Niente “resistenza e violenza a nave da guerra” per la comandante della Sea Watch 3, ma il 9 luglio sarà chiamata a testimoniare per il filone di favoreggiamento dell’immigrazione clandestina

Carola Rackete, la comandante della nave Sea Watch 3, è libera. Il suo arresto, infatti, non è stato convalidato dal giudice per le indagini preliminari di Agrigento, Alessandra Vella.

Rackete, che nella notte fra venerdì e sabato aveva condotto la nave Sea Watch 3 al porto di Lampedusa e fatto sbarcare i 40 richiedenti asilo che erano a bordo da circa due settimane, era stata arrestata al termine delle operazioni e accusata da un lato di “resistenza e violenza a nave da guerra”, mentre secondo un altro filone d’inchiesta la comandante dovrà rispondere alle accuse di favoreggiamento dell’immigrazione clandestina, una sorte toccata a molti equipaggi prima del suo.

Secondo le motivazioni della decisione, la giudice Vella ha escluso il primo reato, non applicabile né contestabile perché l’azione è avvenuta durante “l’adempimento di un dovere”, quello di portare al sicuro il prima possibile le persone soccorse in mare, come prevedono le norme del diritto del mare. Nel frattempo, rimane in piedi l’inchiesta per favoreggiamento dell’immigrazione clandestina, motivo per cui Carola Rackete dovrà, salvo differenti indicazioni, tornare ad Agrigento il 9 luglio per essere interrogata.

Secondo Gianfranco Schiavone, vicepresidente di Asgi – Associazione per gli studi giuridici sull’immigrazione, il caso Sea Watch «è un caso di scuola più sul piano politico che giuridico, perché è in atto un gigantesco effetto mediatico di rimozione dei principali problemi: per esmpio, non si sente più parlare dello svolgimento dei fatti relativi ai migranti che sono sbarcati, neanche sappiamo se sono stati veramente ricollocati in altri Paesi oppure no. Il dibattito avrebbe dovuto continuare su temi quali i soccorsi in mare, il fatto che la barca, la Sea Watch, sia stata bloccata in mare per 14 giorni, le condizioni delle persone che sono arrivate, la situazione da cui fuggivano. Questi sono i grandi temi attorno ai quali una vicenda di questo tipo si sarebbe dovuta sviluppare, invece sta prendendo una piega ossessiva».

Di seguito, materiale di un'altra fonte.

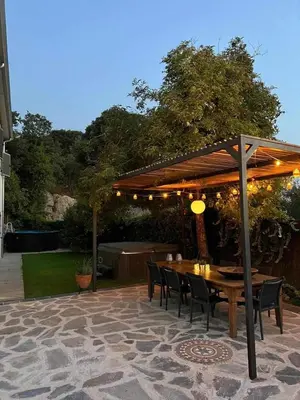 Plano de Villa - Casco Antiguo de Girona - Piscina y Jardín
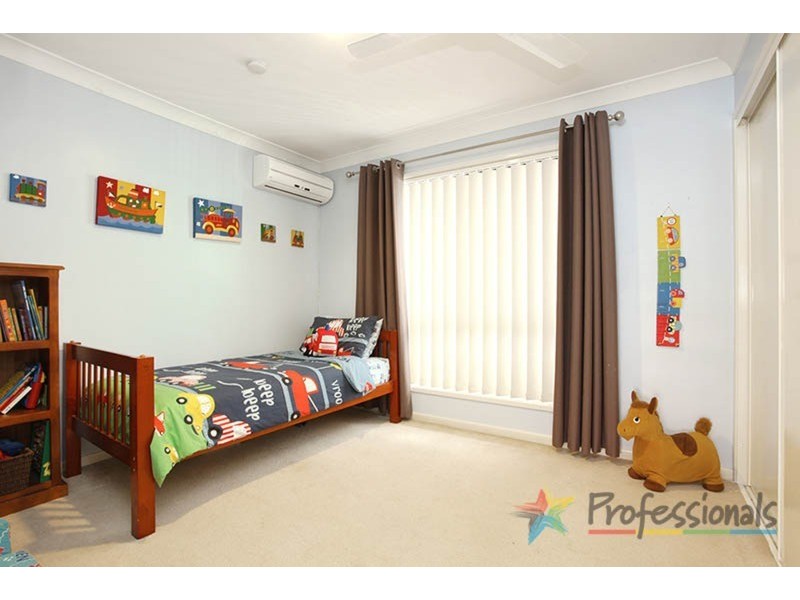 84 Harrier Drive, Burleigh Waters QLD 4220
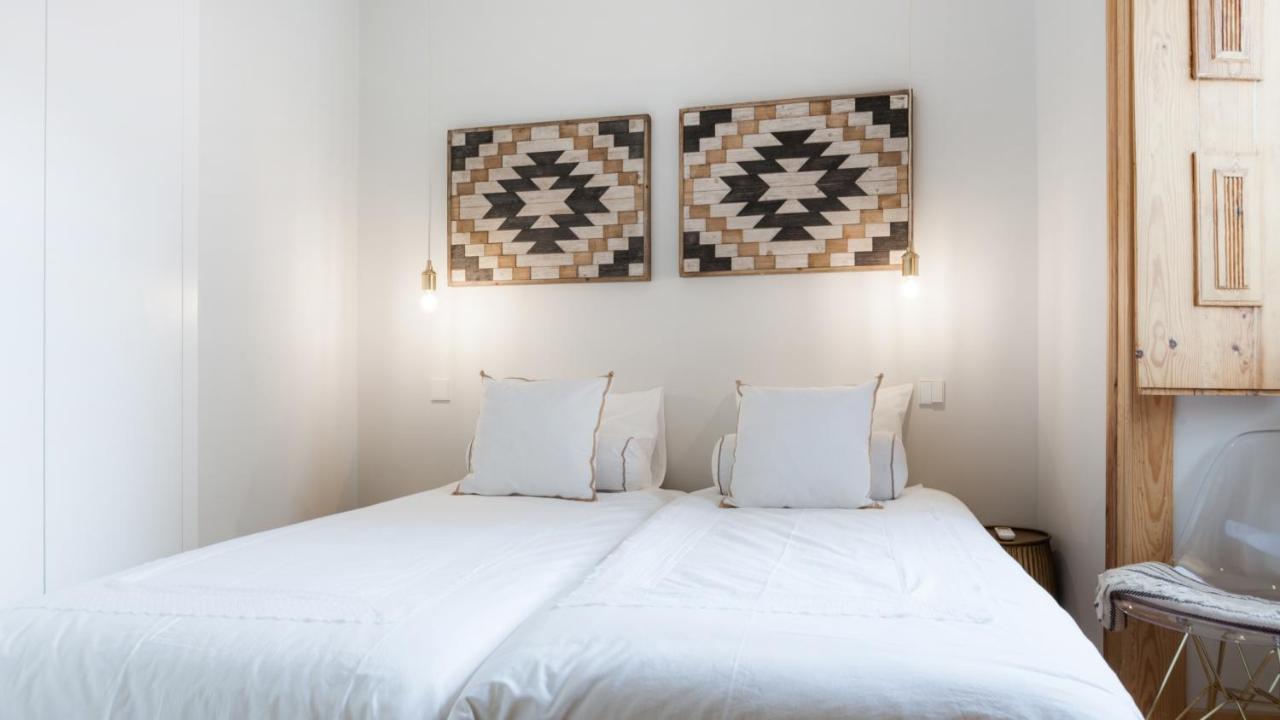 Charming Flat With Balconies Central Chiado District 2 Bedrooms & Ac 19Th Century Building Lisabona Exterior foto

Nelle tredici pagine del provvedimento, la giudice Valla spiega che «una nave che soccorre migranti non può essere giudicata offensiva per la sicurezza nazionale e il comandante di quella nave ha l'obbligo di portare in salvo le persone soccorse». Di conseguenza, l’espulsione promessa dal ministro dell’Interno Salvini sembra improbabile. Nonostante questo, il caso Sea Watch potrebbe rappresentare la prima applicazione concreta del “decreto sicurezza bis” nell’ambito dei salvataggi in mare. Per Schiavone, «si rischia la confisca amministrativa della nave e l'applicazione della sanzione pecuniaria. Credo che questo avverrà: se non dovesse avvenire sarebbe molto curioso, perché vorrebbe dire che il governo in qualche modo teme che questo tipo provvedimento venga impugnato e che si apra una fase addizionale parallela di valutazione della legittimità di questa specifica decisione e poi forse anche in relazione a rettificare l'effetto sicurezza bis».